_Available records:_

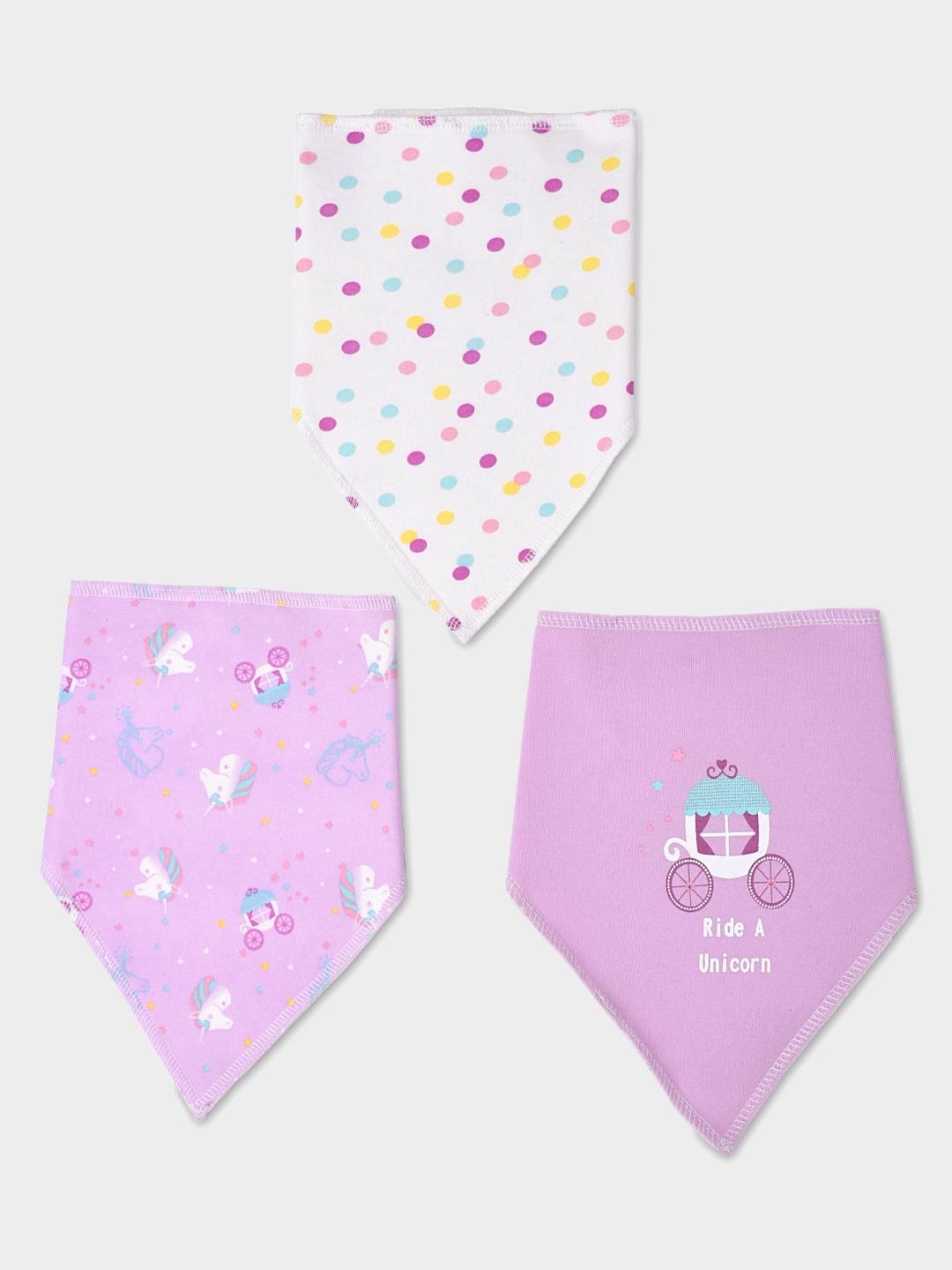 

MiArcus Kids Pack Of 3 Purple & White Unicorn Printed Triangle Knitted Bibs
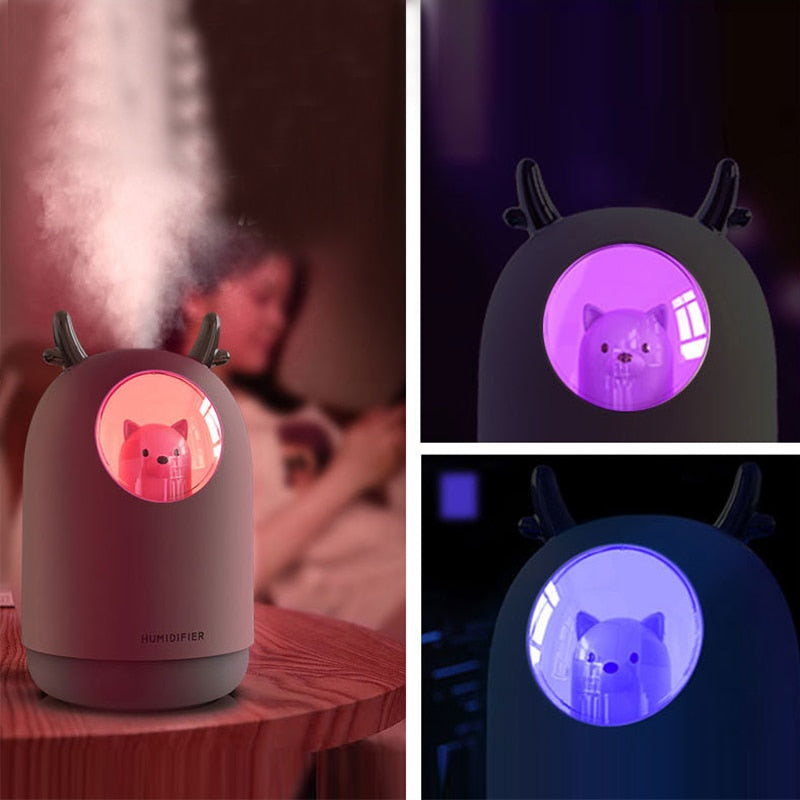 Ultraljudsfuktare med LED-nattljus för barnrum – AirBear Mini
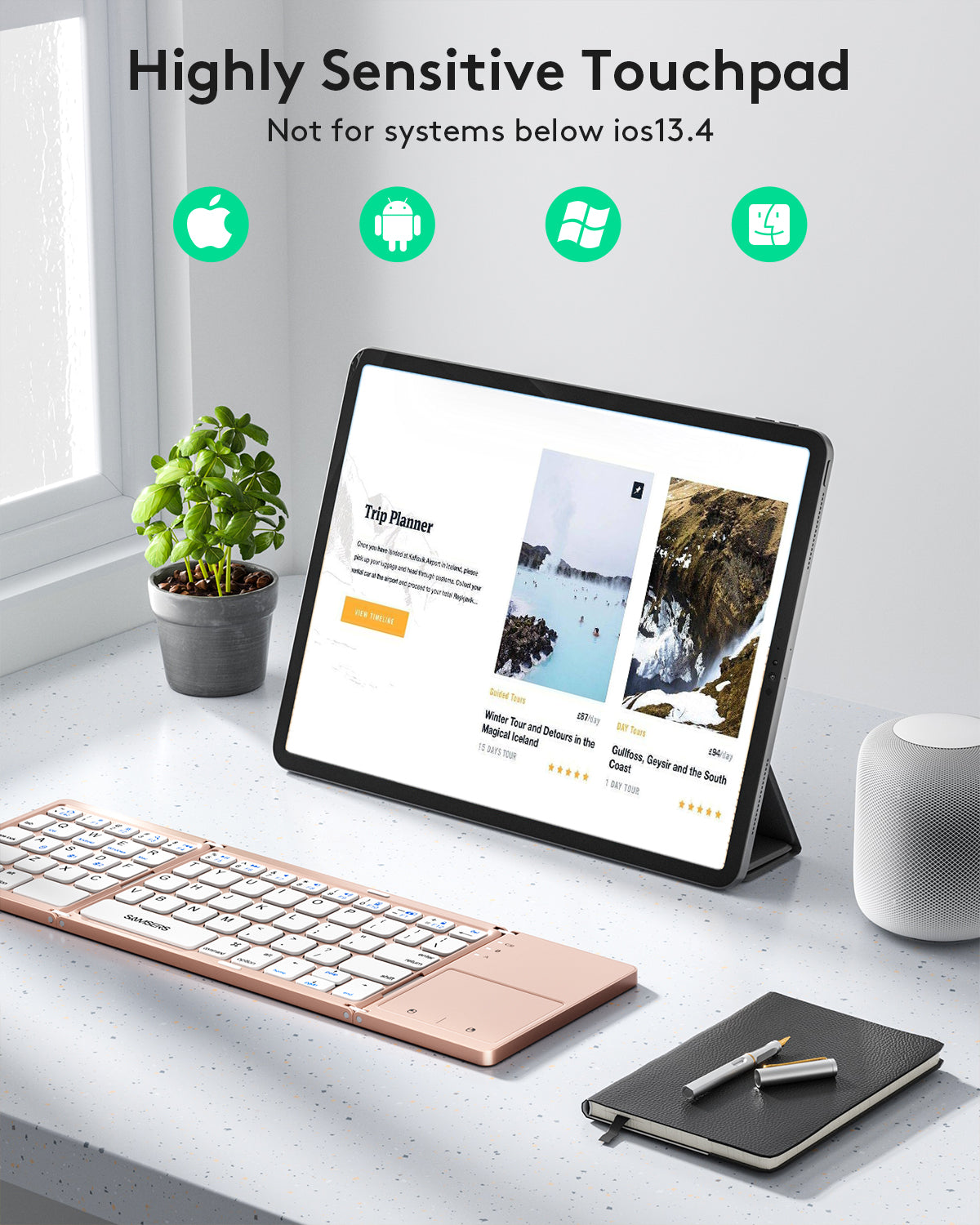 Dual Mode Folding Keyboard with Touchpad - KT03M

==

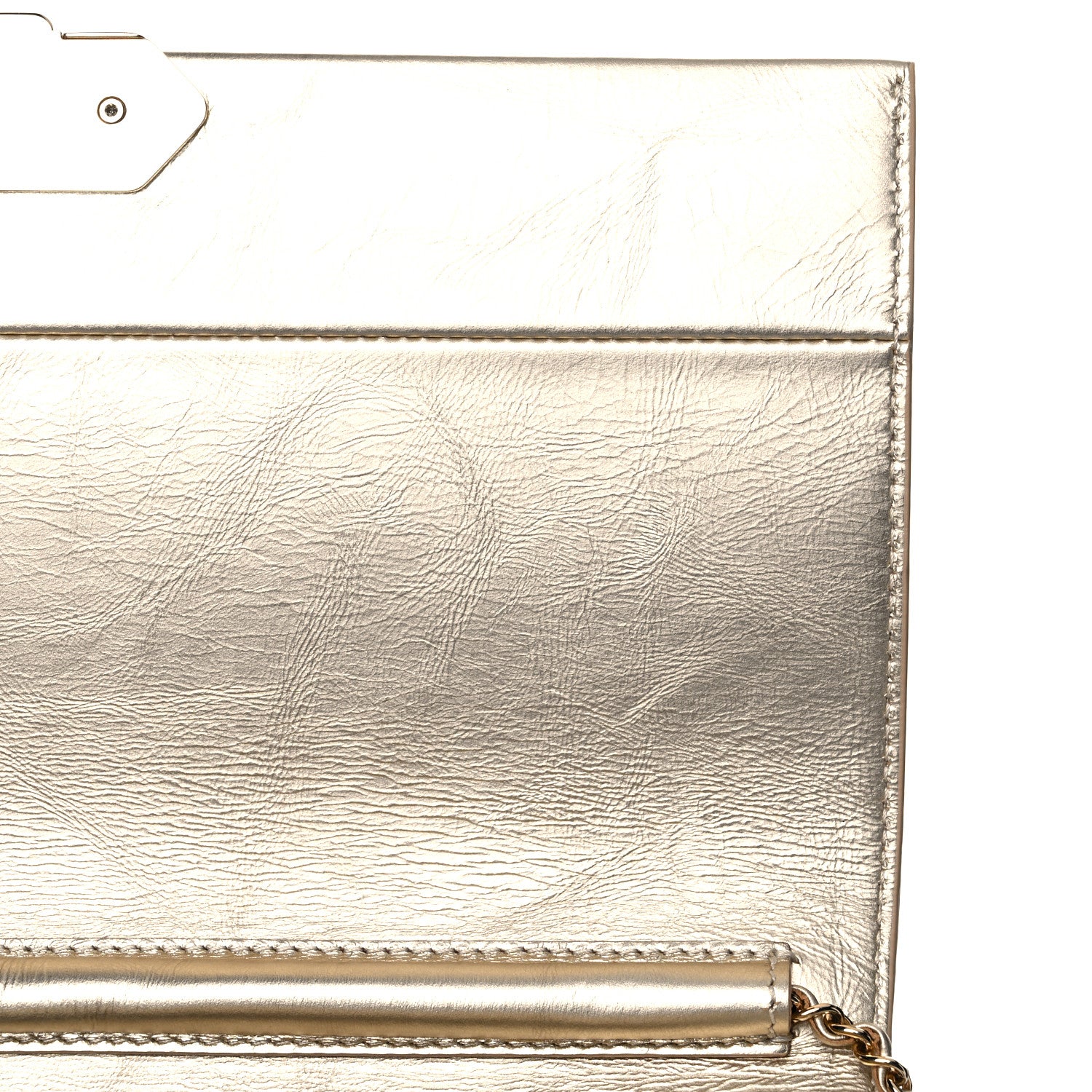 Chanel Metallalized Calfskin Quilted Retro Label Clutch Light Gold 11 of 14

_Task brief:_
In the records above, find the line with "Ultraljudsfuktare med LED-nattljus" and the line with "Dual Mode Folding". Write out exactly those lines and every one between, with no pictures and no other lines.

_Written response:_
 Ultraljudsfuktare med LED-nattljus för barnrum – AirBear Mini
 Dual Mode Folding Keyboard with Touchpad - KT03M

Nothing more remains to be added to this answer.